Mortal Engines – REVIEW


With the Brexit balls up continuing to be a chaotic shambles Mortal Engines with its massive metropolis trundling around the world on wheels gobbling up smaller city’s seems oddly appropriate  with Europe seemingly desperate to hold on to the UK and willing to punish if we go.  It’s these monumental travelling mass movers that are the most impressive things about this adaptation of Philip Reeve’s book in what is another teen franchise set in a dystopian future much along the lines of The Maze Runner.

mortal engines

With the world having been devastated in some unspecified apocalypse the world’s cities have  somehow put themselves on wheels and trundled around the world looking for smaller towns on wheels to gobble up, enslave  the population and mash up the city’s remains to use as fuel to run their engines. And this is how the film opens with the gigantic metropolis of London so big that St Paul’s Cathedral is perched on top chasing a smaller city which it devours. With Hugo Weaving as a military mad boss Thaddeus Valentine you know he’s up to no good which is confirmed when Hester Shaw (Hera Hilmar), sporting a scar that seems to fade as the film goes on, attempts to murder him which is only prevented when Tom (Robert Sheehan) intervenes only to be chased through the travelling tank with both of them being thrown off it by Valentine.

mortal engines

It’s this scar that’s the key to Hester’s murderous inclination towards Valentine and its all part of her back story which frequently intersperses the film and it’s all to do with her Mum and a vital artifact that she gave to Hester and she is the only character in the film with any story or story arc.  Sheehan as Tom is a sort of archaeologist of old world tech who rifles through the captured city’s old technology looking for anything of value, a sort of cash convertor of crap and he plays a sidekick to Hester who find themselves chased by a seemingly unstoppable robot also with murderous intent towards Hester monosyllabically rasping ‘Hester!!!’ as he stomps after her.  His Terminator like appearance and intent is just one of many influences the film wears all to obviously with Mad Max being one and the Star Wars films being another.

mortal engines

Co-written by Peter Jackson , Fran Walsh & Philippa Boyens this is another epic with grandiose ideas and the first half is impressive enough none more so than the visual impact of these huge rolling city scapes rumbling round the world with Valentine looking to break through an enormous wall to enter another part of the globe in his endeavour to gobble up more cities and frankly take over the world and in that desire he comes across like an even more insane Putin or egotistical European ambassador. It’s Hester who is the key to preventing Valentine’s plan and teams up with the improbably named Anna Fang (Jihae) who looks like the result of a one night stand between Elvis Presley and Yoko Ono and the film builds towards a David & Goliath face off.

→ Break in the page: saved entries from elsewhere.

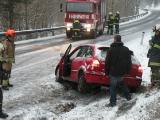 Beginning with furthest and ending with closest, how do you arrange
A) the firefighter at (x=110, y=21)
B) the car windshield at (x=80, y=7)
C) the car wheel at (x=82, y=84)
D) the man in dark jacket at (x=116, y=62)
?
the firefighter at (x=110, y=21) → the car windshield at (x=80, y=7) → the car wheel at (x=82, y=84) → the man in dark jacket at (x=116, y=62)

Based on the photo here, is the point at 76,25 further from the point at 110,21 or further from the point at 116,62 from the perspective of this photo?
the point at 116,62

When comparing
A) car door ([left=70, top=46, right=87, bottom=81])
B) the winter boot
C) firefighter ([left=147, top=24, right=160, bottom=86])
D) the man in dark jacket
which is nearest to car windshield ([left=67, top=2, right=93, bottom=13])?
car door ([left=70, top=46, right=87, bottom=81])

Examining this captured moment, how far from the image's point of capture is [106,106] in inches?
456

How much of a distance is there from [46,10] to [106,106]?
195 ft

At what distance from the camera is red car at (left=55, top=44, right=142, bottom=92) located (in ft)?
43.4

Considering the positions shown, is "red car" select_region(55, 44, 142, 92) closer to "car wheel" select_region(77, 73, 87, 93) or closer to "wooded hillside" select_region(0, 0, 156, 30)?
"car wheel" select_region(77, 73, 87, 93)

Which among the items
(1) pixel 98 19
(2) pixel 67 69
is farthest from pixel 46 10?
(2) pixel 67 69

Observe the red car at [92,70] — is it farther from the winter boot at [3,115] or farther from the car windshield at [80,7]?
the car windshield at [80,7]

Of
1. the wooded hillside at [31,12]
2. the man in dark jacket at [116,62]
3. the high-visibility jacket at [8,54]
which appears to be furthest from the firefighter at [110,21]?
the man in dark jacket at [116,62]

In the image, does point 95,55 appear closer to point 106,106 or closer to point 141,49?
point 106,106

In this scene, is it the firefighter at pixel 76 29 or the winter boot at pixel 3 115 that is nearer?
the winter boot at pixel 3 115

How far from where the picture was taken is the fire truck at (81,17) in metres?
33.1

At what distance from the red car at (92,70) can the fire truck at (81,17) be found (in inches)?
729

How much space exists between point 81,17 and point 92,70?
20207mm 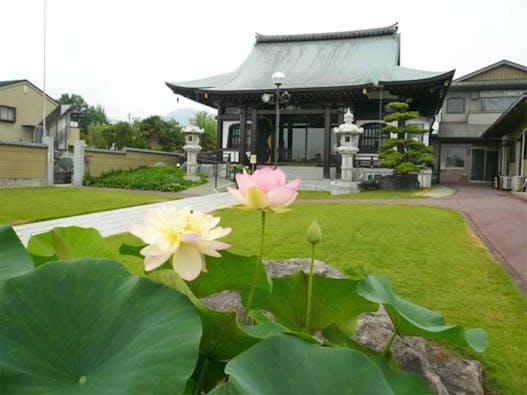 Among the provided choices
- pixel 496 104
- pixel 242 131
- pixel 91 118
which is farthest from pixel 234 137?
pixel 91 118

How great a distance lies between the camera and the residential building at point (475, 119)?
24.1 meters

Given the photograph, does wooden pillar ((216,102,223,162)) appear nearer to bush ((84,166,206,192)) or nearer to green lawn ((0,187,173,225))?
bush ((84,166,206,192))

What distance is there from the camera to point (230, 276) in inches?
39.0

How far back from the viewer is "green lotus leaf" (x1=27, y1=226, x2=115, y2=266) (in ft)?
3.43

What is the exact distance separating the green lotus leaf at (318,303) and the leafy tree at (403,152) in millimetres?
15819

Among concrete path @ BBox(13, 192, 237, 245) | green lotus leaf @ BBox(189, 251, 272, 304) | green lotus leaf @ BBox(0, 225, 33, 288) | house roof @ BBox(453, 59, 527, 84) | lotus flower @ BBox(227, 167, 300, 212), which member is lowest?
concrete path @ BBox(13, 192, 237, 245)

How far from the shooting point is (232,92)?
1875cm

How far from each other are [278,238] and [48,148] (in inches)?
501

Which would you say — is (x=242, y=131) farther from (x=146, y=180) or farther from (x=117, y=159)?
(x=117, y=159)

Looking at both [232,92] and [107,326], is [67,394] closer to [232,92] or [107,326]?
[107,326]

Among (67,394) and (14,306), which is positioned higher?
(14,306)

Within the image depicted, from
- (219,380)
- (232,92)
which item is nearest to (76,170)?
(232,92)

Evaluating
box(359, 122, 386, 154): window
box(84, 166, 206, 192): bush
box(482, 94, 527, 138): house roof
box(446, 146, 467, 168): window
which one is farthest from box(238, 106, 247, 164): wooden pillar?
box(446, 146, 467, 168): window

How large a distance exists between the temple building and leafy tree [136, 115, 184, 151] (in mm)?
8836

Directed by debut director Christian Rivers a regular collaborator with Jackson and has won an Oscar for his visual effects on his 2005 version of King Kong. The first half is engaging enough with an unexpectedly good joke about, of all things, the Minions. But the latter half soon becomes that generic and formulaic teen franchise

Mortal Engines does look good with a steampunk ethos but with a cast that includes Colin Salmon who appears in yet another role that is a waste of his talent this ultimately promises more than it delivers.